Nuclear Monkey software?!  :-o



Maybe there's a potential merger with jMonkey Engine in the works?!



Awesome to see that those same people got the chance to go work for a great gaming company and bring something like that to a huge audience.  Sweet.

renanse said:

No, I think it is because I played a student project they based it off of.  (see Narbacular Drop: http://en.wikipedia.org/wiki/Narbacular_Drop)


correction:
the makers of portal ARE these students.

I'm guessing Valve had one or two other people working on it as well.  :wink:

2005 - Narbacular Drop

2006 - Prey (portals were  shown in use in its 1997 showcase)

2007 - Portal (started 2005)



It has been done in pre-1997 games, but visually it has never been compelling till lately.



Duke Nukem 3d had many bugs in its map maker, some which were taken advantage of to make portals.  I recall they did it by mixing a camera with a mirror surface and a regular teleporter.  So I view this as an old idea thats only gonna get better.



I also had a teacher show us portals way back in 2002, using the stencil buffer.  Rendering to a texture is definitely the 'better' way to go about it tho (like in Prey).  Also, OpenGL has a few advantages for directx for doing portals, can't really recall why tho, probably the frame buffer object, and the ease of RTT in OpenGL.
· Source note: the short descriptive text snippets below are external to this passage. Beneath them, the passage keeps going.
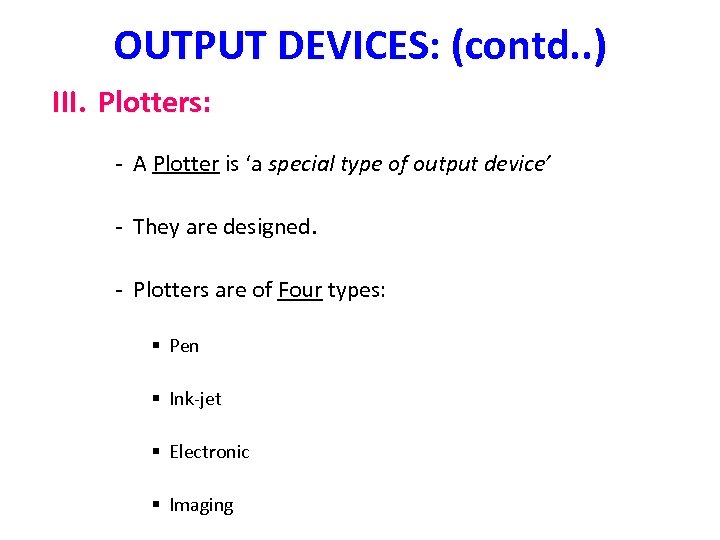 OUTPUT DEVICES: (contd. . ) III. Plotters: - A Plotter is ‘a special type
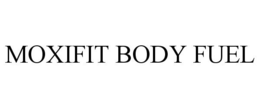 MOXIFIT BODY FUEL trademark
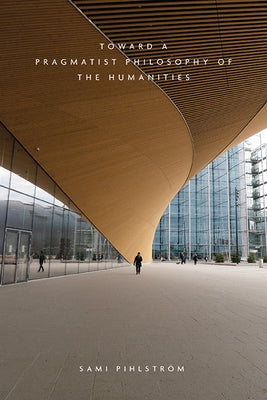 Toward a Pragmatist Philosophy of the Humanities Paperback State University of New York Press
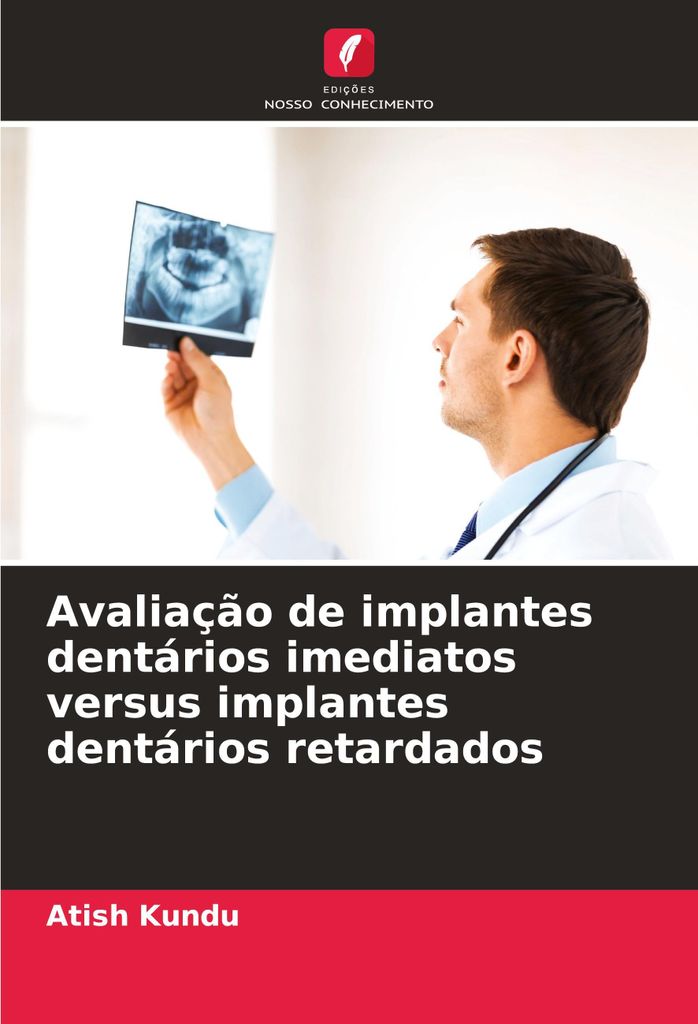 Avaliação de implantes dentários imediatos versus implantes dentários retardados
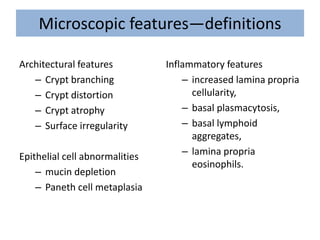 Microscopic features—definitions
Architectural features
– Crypt branching
– Crypt distortion
– Crypt atrophy
– Surface irregularity
Epithelial cell abnormalities
– mucin depletion
– Paneth cell metaplasia
Inflammatory features
– increased lamina propria
cellularity,
– basal plasmacytosis,
– basal lymphoid
aggregates,
– lamina propria
eosinophils.
 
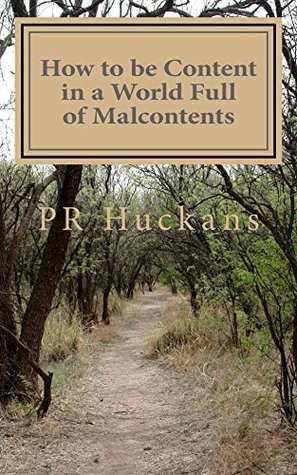 Read How to be Content in a World Full of Malcontents - P.R. Huckans | PDF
Tech demo (stencil buffering):

http://www.youtube.com/watch?v=fyTC0rdFWdo



Portal wrench-mod:

http://www.youtube.com/watch?v=uDDvrovKgeM



A very 'spartan' portal Halo mod:

http://www.youtube.com/watch?v=hqY8H7CdSXg



Prey portal demo from 1998… notice they HAD portal spawning mines:

http://video.google.com/videoplay?docid=7844987544204140976&q=interview+prey





For my space game I have been envisioning a spherical portal that once you enter it, the wrapped RTT around the sphere morphs to match your square screen.  So from afar it looks like a distortion, like a crystal ball seeing into another world.  With mainly stars for background the portal would be less noticeable unless their was a huge disparity in their environment or simple viewing angle with a planet or whatnot in view.  Then for the man made ones I was gonna have spinning rings around the sphere, which then align so that you can enter through it.  The view from the other end of the man made portal should be damn interesting when the rings are spinning.  I figured quick and easy way to spawn the portals would simply be to enlarge them from a point.  Then I was thinking that large ships might have to have tools to widen the portals, for example a beam that strikes the spherical portal then splits and spreads around the surface (probably along the vertexs), should look damn cool from both ends.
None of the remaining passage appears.